*** DATASET CONTENT Section Begins ***

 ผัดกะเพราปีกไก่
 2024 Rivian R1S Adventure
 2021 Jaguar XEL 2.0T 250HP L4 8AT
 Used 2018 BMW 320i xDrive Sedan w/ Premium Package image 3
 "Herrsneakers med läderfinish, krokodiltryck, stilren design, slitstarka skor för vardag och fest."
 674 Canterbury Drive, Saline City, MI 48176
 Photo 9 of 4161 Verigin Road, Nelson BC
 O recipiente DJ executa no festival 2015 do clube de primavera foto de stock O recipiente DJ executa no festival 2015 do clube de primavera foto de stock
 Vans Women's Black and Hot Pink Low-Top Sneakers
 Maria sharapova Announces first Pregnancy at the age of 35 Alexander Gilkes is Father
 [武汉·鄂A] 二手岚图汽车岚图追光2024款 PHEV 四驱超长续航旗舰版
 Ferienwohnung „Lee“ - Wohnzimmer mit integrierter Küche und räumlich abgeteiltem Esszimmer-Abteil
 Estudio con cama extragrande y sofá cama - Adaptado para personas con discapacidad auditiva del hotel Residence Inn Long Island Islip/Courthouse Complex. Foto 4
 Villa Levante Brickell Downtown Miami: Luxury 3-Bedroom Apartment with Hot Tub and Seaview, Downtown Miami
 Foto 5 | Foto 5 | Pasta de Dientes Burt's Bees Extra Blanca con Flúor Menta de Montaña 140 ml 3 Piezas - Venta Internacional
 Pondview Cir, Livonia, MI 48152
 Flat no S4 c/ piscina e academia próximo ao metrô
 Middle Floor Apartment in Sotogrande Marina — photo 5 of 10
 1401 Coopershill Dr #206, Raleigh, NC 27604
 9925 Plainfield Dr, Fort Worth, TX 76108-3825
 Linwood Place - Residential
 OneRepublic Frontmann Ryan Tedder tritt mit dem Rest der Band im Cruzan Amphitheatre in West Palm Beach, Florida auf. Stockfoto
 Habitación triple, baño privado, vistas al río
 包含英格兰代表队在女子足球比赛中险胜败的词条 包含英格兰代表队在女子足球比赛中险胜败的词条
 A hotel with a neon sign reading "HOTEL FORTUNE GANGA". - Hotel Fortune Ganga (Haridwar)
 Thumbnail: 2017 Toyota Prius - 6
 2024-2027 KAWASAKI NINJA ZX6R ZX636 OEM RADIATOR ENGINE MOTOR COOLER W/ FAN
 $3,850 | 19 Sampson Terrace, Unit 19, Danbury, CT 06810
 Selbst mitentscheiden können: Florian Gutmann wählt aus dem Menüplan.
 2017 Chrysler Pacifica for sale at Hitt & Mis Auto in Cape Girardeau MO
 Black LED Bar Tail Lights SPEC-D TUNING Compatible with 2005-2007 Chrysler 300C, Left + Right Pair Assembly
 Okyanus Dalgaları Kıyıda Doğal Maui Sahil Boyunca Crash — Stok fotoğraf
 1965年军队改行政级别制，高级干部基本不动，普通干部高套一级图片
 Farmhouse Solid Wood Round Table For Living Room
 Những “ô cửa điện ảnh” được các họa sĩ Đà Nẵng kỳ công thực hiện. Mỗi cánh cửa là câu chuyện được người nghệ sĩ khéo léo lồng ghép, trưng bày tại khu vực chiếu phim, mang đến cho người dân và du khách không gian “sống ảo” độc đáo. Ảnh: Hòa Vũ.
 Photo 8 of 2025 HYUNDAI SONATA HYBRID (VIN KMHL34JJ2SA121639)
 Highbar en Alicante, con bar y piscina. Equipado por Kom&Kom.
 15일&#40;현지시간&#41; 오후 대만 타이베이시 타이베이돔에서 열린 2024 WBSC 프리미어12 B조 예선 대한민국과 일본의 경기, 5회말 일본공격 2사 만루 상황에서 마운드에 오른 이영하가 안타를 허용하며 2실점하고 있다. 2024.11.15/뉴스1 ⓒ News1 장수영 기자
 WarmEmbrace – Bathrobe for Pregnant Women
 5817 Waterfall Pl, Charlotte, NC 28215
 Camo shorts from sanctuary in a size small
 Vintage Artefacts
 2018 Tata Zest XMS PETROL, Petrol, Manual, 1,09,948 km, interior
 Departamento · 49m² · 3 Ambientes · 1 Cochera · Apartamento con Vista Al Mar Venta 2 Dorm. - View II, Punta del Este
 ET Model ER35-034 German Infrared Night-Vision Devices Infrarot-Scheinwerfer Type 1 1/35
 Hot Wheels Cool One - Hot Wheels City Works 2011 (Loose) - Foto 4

*** DATASET CONTENT Section Ends ***

WHAT TO WORK ON — Start with the first line of the data and print every line exactly. The line containing "Foto 5 | Foto" is the last one to include.

ANSWER TO THIS PROBLEM —
 ผัดกะเพราปีกไก่
 2024 Rivian R1S Adventure
 2021 Jaguar XEL 2.0T 250HP L4 8AT
 Used 2018 BMW 320i xDrive Sedan w/ Premium Package image 3
 "Herrsneakers med läderfinish, krokodiltryck, stilren design, slitstarka skor för vardag och fest."
 674 Canterbury Drive, Saline City, MI 48176
 Photo 9 of 4161 Verigin Road, Nelson BC
 O recipiente DJ executa no festival 2015 do clube de primavera foto de stock O recipiente DJ executa no festival 2015 do clube de primavera foto de stock
 Vans Women's Black and Hot Pink Low-Top Sneakers
 Maria sharapova Announces first Pregnancy at the age of 35 Alexander Gilkes is Father
 [武汉·鄂A] 二手岚图汽车岚图追光2024款 PHEV 四驱超长续航旗舰版
 Ferienwohnung „Lee“ - Wohnzimmer mit integrierter Küche und räumlich abgeteiltem Esszimmer-Abteil
 Estudio con cama extragrande y sofá cama - Adaptado para personas con discapacidad auditiva del hotel Residence Inn Long Island Islip/Courthouse Complex. Foto 4
 Villa Levante Brickell Downtown Miami: Luxury 3-Bedroom Apartment with Hot Tub and Seaview, Downtown Miami
 Foto 5 | Foto 5 | Pasta de Dientes Burt's Bees Extra Blanca con Flúor Menta de Montaña 140 ml 3 Piezas - Venta Internacional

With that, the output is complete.